Anstoß
Die kommenden Tage
"Die kommenden Tage", so lautet der Titel eines herausfordernden Films, der momentan in den Kinos läuft. In der Presse eher kritisch beäugt, entwirft dieser Film ein düsteres Zukunftsszenario. In einem zehn Jahre in der Zukunft liegenden Deutschland haben sich das weltpolitische Gefüge und die Gesellschaft sehr verändert. Der vierte Golfkrieg wird um die immer knapper werdenden Energiereserven geführt, die Europäische Union - oder das, was davon übrig ist - hat an den Alpen einen undurchdringlichen Schutzwall gegen Migrantenströme aus Afrika errichtet und die Weltwirtschaft ist zusammengebrochen, was bis zur Lebensmittelknappheit führt.

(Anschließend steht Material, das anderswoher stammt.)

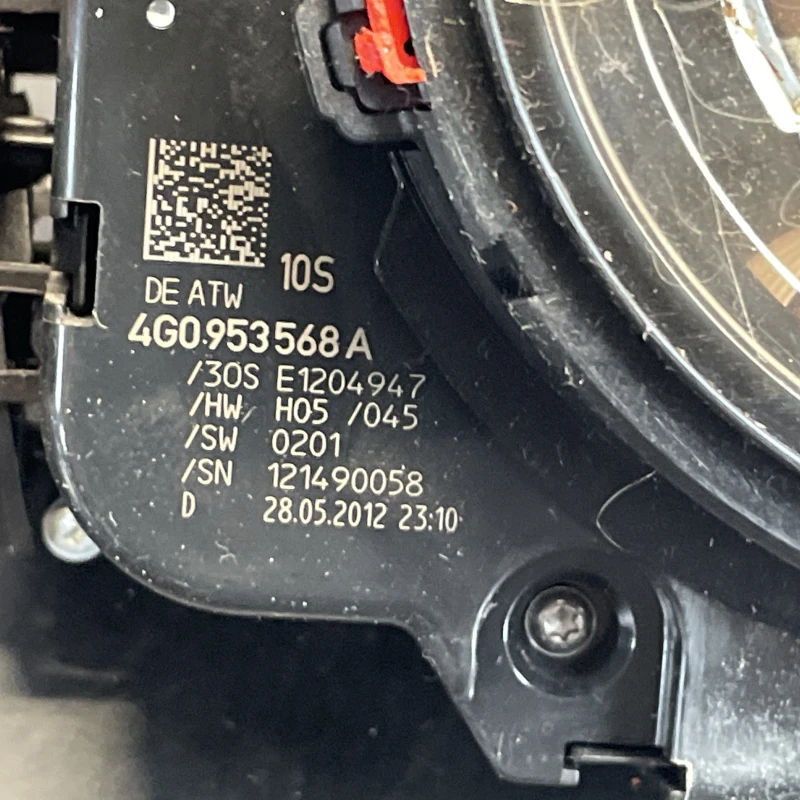 Spira volan cu manete / Audi A6 Allroad C7 2013 / Audio si electronice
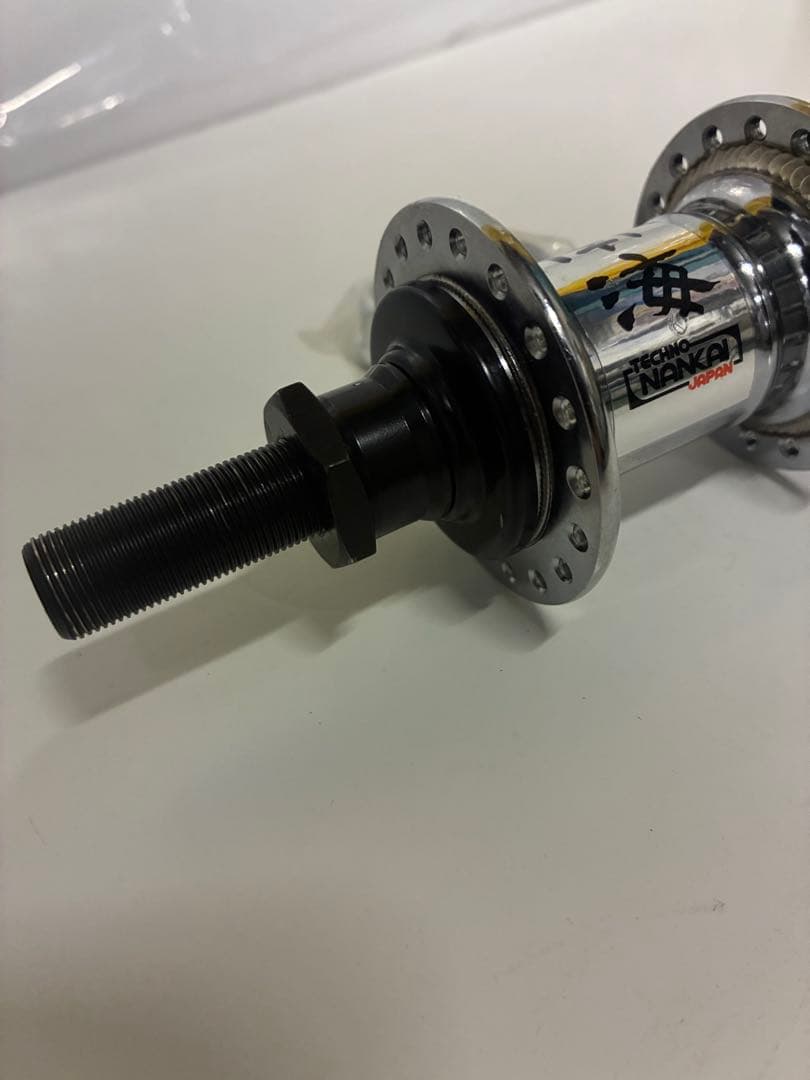 貴重！日本製BMXハブ「NANKAI 南海フリーコースターハブ36H」新品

Innerhalb dieses Tohuwabohus wird der Blick auf zwei Schwestern gelenkt: Laura, die jüngere der beiden, versucht trotz der Umstände mit aller Kraft eine bürgerliche Existenz zu bewahren, wozu für sie ein gewisser Konsum, Sicherheit, Partnerschaft und Familie gehören. Cecilia, die ältere, hält diese bürgerliche Gesellschaft für den eigentlich Verantwortlichen an der gesellschaftlichen und politischen Misere. Sie radikalisiert sich und wird nach anfänglichen eher harmlos-kreativen Protest- Happenings zur mordenden Terroristin.

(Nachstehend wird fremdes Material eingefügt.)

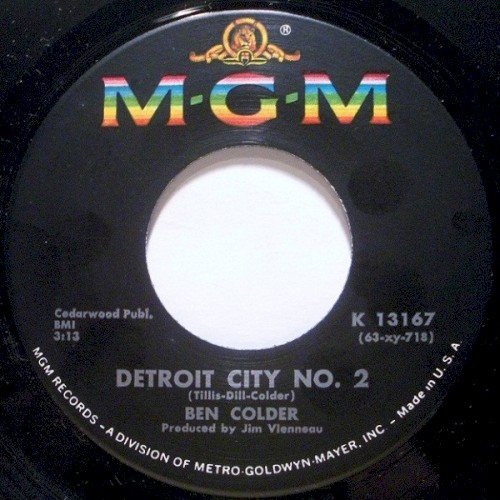 Detroit City No. 2 / Ring Of ̶F̶i̶r̶e̶ Smoke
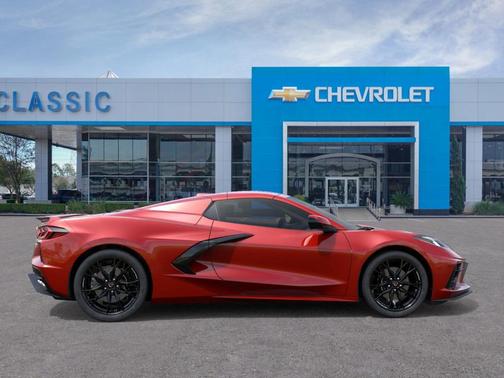 2026 Chevrolet Corvette Stingray w/2LT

In der Tat scheinen Bürgerproteste gegen die verschiedensten Vorgänge momentan nicht nur in Deutschland wie Pilze aus dem Boden zu schießen, weswegen man sich seine Gedanken und vielleicht auch Sorgen machen kann. Aber was verbirgt sich dahinter? Handelt es sich um einen Ausdruck tiefer Unzufriedenheit, um Reaktionen auf massive Ungerechtigkeiten der Politik, Freizeitbeschäftigung und Spaß oder um wirkliche Beteiligung an demokratischen Entscheidungsfindungen? Vermutlich stecken noch viel tiefer gehende Frage dahinter: Wie wird sich unsere Welt in den nächsten Jahren verändern? Auf welche Veränderungen müssen wir uns gefasst machen? Cecilia zieht nach dramatischem Showdown im Film eine eindrückliche Lehre: "Im Chaos und im Kuddelmuddel ist das Leben. Konsequenz führt immer in den Terror." So naiv dieser Satz klingen mag, so wahr scheint er dennoch zu sein. Es geht darum, wie wir mit - auch politisch und gesellschaftlich bedingten - Schwierigkeiten umgehen können. Sind sie nur durch sklavische Befolgung von Heilsversprechungen aus dem Weg zu räumen oder gehören sie einfach zu unserer menschlichen Normalität? Folgt man einer Heilsversprechung zu extrem, zu konsequent, führt auch diese letztendlich wieder in unbefriedigende Lebensbedingungen.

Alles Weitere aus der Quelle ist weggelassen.